1940 voit l’aboutissement du chef d’oeuvre de la poétesse, « Requiem », commencé en 1935. Comme le précise le traducteur et présentateur de l’édition Jean-Louis Backès en note (les notes, nombreuses, éclairent constamment sur le contexte, les conditions d’écriture, etc.), ce cycle de poèmes inséré alors dans le recueil « Roseau » « est dédié à toutes les femmes qui, comme Akhmatova elle-même, ont fait la queue pendant des mois devant la prison « Les Croix » de Leningrad, dans l’espoir d’apercevoir qui un fils, qui un mari, qui un proche, à l’époque où se multipliaient les arrestations inintelligibles ». Akhmatova ne déclare-t-elle d’ailleurs pas : « J’ai su comment les visages se défont, / Comment on voit la terreur sous les paupières, / Comment des pages d’écriture au poinçon / Font ressortir sur les joues la douleur, / Comment les boucles noires ou cendrées / Ressemblent soudain à du métal blanc. / Le sourire s’éteint sur les lèvres dociles / Et la peur tremble dans un petit rire sec ».
Vient le superbe cycle de Leningrad, témoignage sur le siège de la ville entre 1941 et 1944 par l’armée nazie. Les poèmes d’Akhmatova se font plus complexes, plus obscurs parfois, plus combatifs, plus politiques. « On respire mal sous la terre ». Nouvelle évolution ensuite avec des œuvres plus optimistes, plus amples, plus étoffées, et toujours plus énigmatiques, « La dédicace d’un drame que j’ai brûlé / Et dont la cendre a disparu ? ». L’un des sommets de complexité de l’œuvre d’Akhmatova est ce triptyque « Poème sans héros » qui court sur plus de 20 ans (entre 1940 et 1962) et commence par cette phrase du 27 décembre 1940 : « Comme le papier m’a manqué ». On imagine que c’est à cette date précise qu’Akhmatova est à nouveau autorisée à écrire. Elle y convoque ces chers disparus, elle est à la fois nostalgique et lucide.

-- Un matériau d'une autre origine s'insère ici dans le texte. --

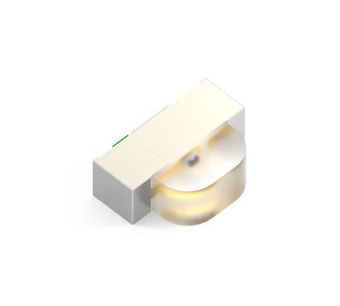 XZVG56W Image.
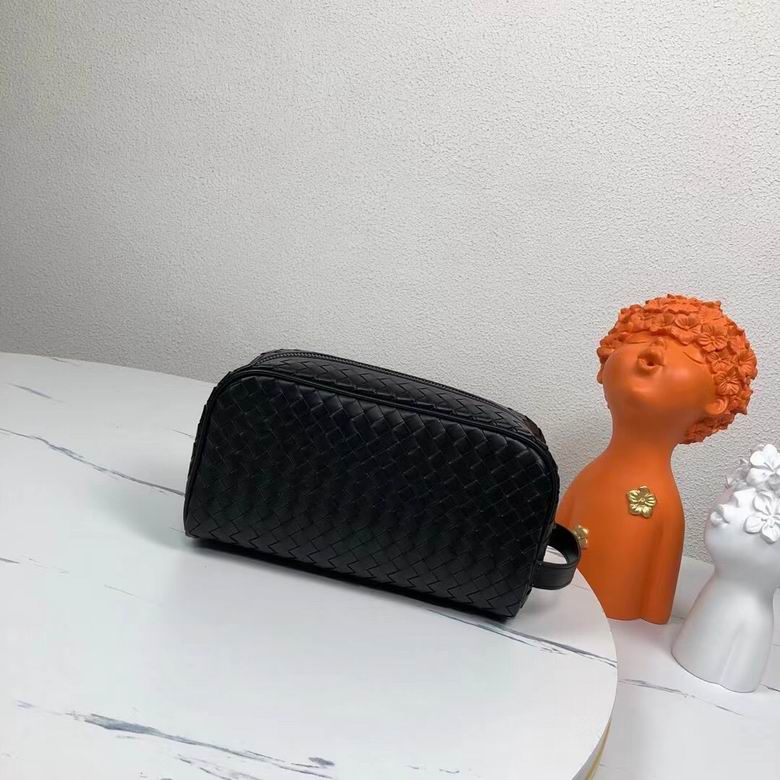 7799 25X13X8cm WP (3)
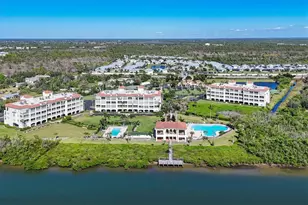 11180 Hacienda Del Mar Blvd, Placida, FL 33946 - Photo 38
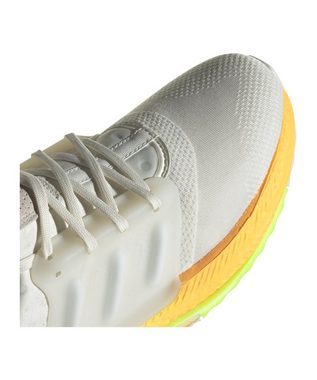 adidas Sportswear adidas X_PLR Boost Laufschuh Laufschuh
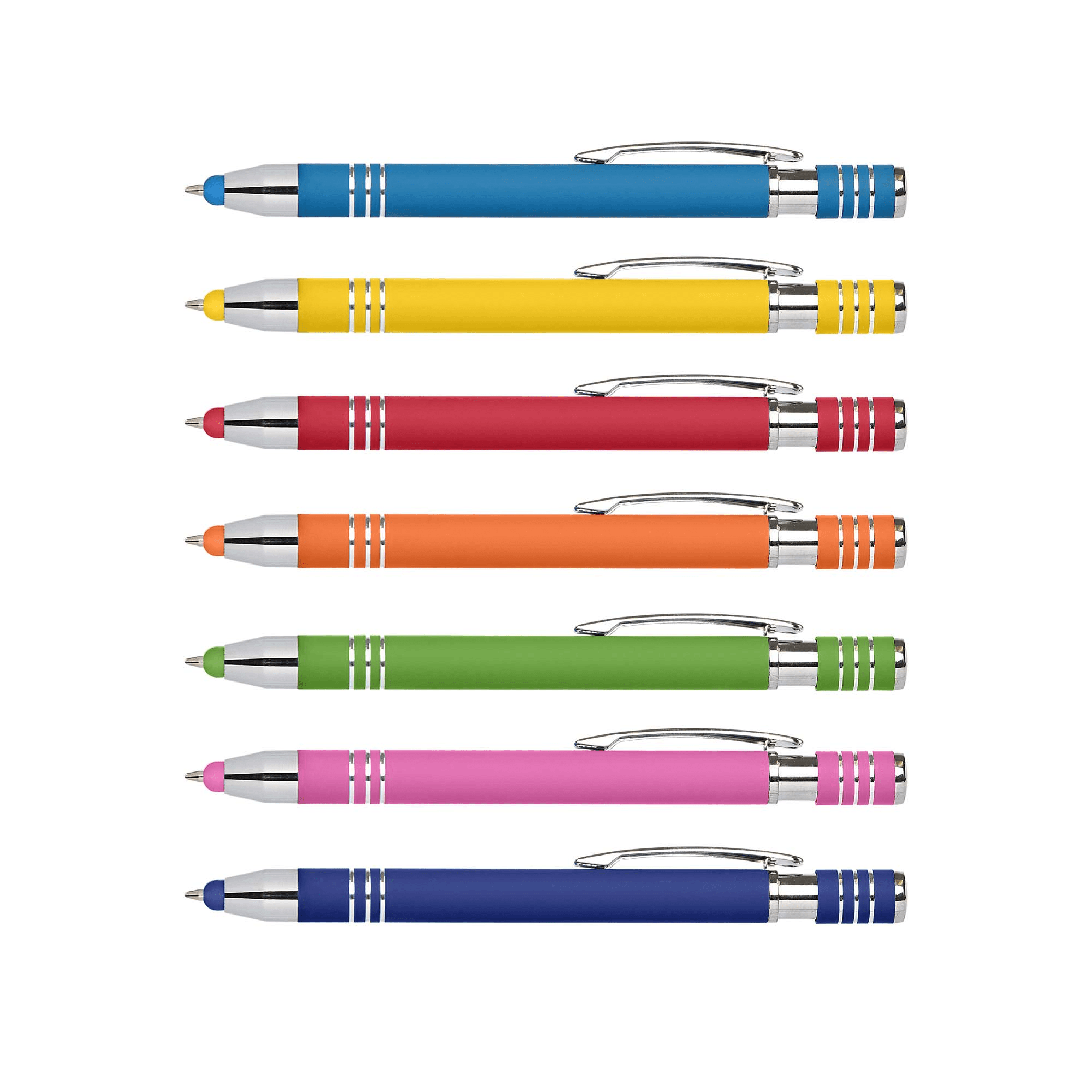 Green/ Black/ Chrome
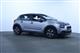 Billede af Citroën C3 1,2 PureTech Feel Ltd. 83HK 5d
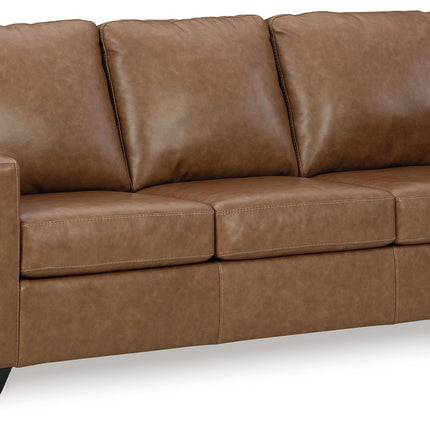 Bolsena - Living Room Set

Anna Akhmatova fut l’une des grandes figures de la poésie russe du XXe siècle aux côtés de Marina Tsvétaïeva, Sergueï Essenine, Ossip Mandelstam, Vladimir Maïakovski et autres Boris Pasternak, elle est aussi réputée pour être l’une des plus complexes et plus intraduisibles de par la richesse de ses trouvailles stylistiques. Ce volume permet néanmoins de redécouvrir son art en langue française, il représente aussi environ la moitié de toute l’œuvre de la poétesse. Les notes reléguées en fin de volume sont particulièrement instructives sur l’évolution des poèmes et le travail de toute une vie. Un recueil de près de 400 pages qui se picore par petits bouts.